Economists Anne Case and Angus Deaton wrote one of the most talked-about papers at last week’s conference of the Brookings Papers on Economic Activity. “Mortality and morbidity in the 21st century” highlights the “deaths of despair” that prevail even in advanced economies.
Provocatively, Deaton is asked “Is It Better to Be Poor in Bangladesh or the Mississippi Delta?” Lest we forget, poverty is present everywhere, even in the richest countries; this is one reason why the sustainable development goals are universally applicable to all countries.
At least in rich countries, poverty and inequality are associated with political populism, as underscored in the report “Populism: The Phenomenon” by hedge fund manager Ray Dalio.

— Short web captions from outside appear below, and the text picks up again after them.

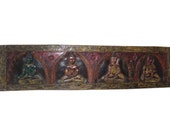 Indian Headboard Panel Four Forms of Meditating Buddha Wall Sculpture Panel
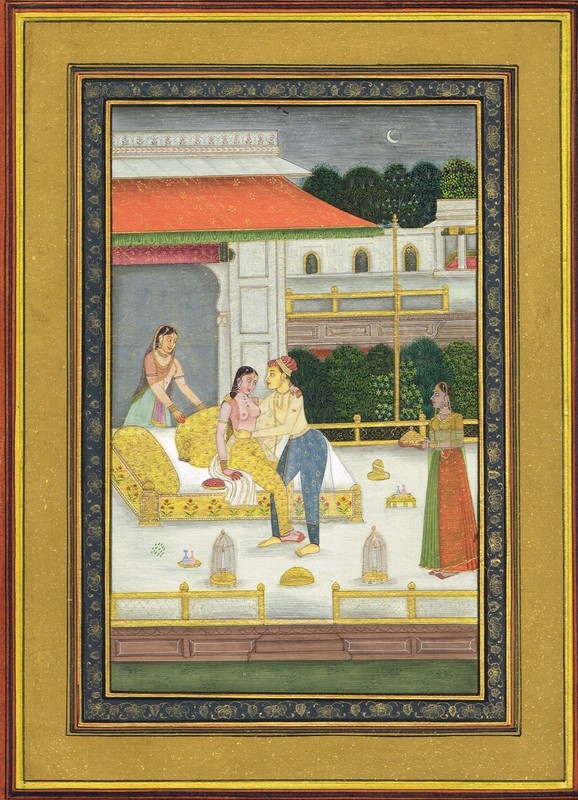 Indian miniature Painting Of Mughal King And Queen Love Scene On Terrace8.5X10.5 gallery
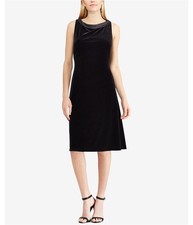 American Living Womens Velvet Cocktail Dress, black, 12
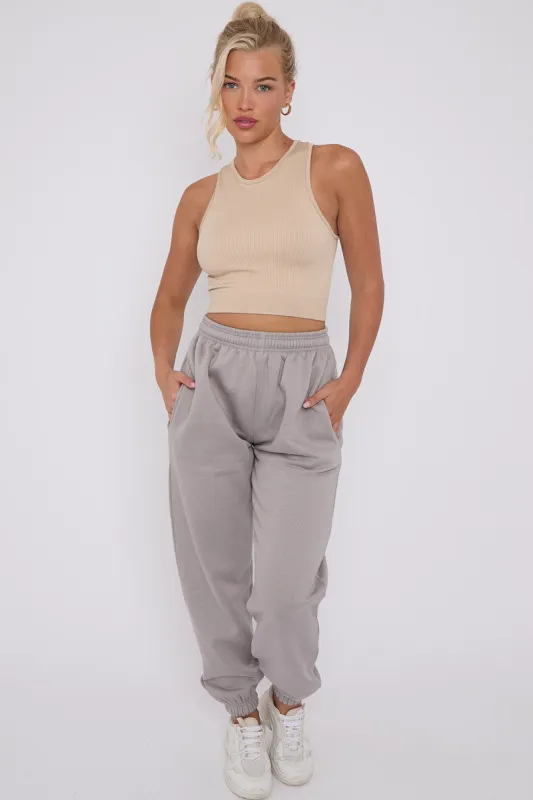 Dove Grey Casual Oversize Joggers Loungewear - Gloria sold by Storm Desire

A far more positive perspective is provided by looking at developing countries alone. Economist Noah Smith in a Bloomberg article, titled “Capitalism Will Shrink Inequality. In Fact, It’s Happening,” cites a paper by economist Nora Lustig and colleagues on the improvements in inequality that are happening in Latin America.
An oft forgotten fact is that periods of improving inequality tend to be periods of high commodity prices, especially for agricultural goods. An improving rural-urban terms-of-trade is probably the main reason why China’s inequality improved after 2008. So in developing countries it is always necessary to dive deeper into what is happening in specific sectors in order to understand movements in inequality. In a World Bank paper, “Agriculture in Africa—Telling Myths from Facts,” senior economist Luc Christiaensen uses a new data set linking agricultural questions to the Living Standards Measurement Study.
Trends in productivity growth lie behind all the main movements in poverty and inequality across the world. The comprehensive report “Gone with the Headwinds: Global Productivity,” authored by staff at the International Monetary Fund, tells a story of what is happening and speculates on why.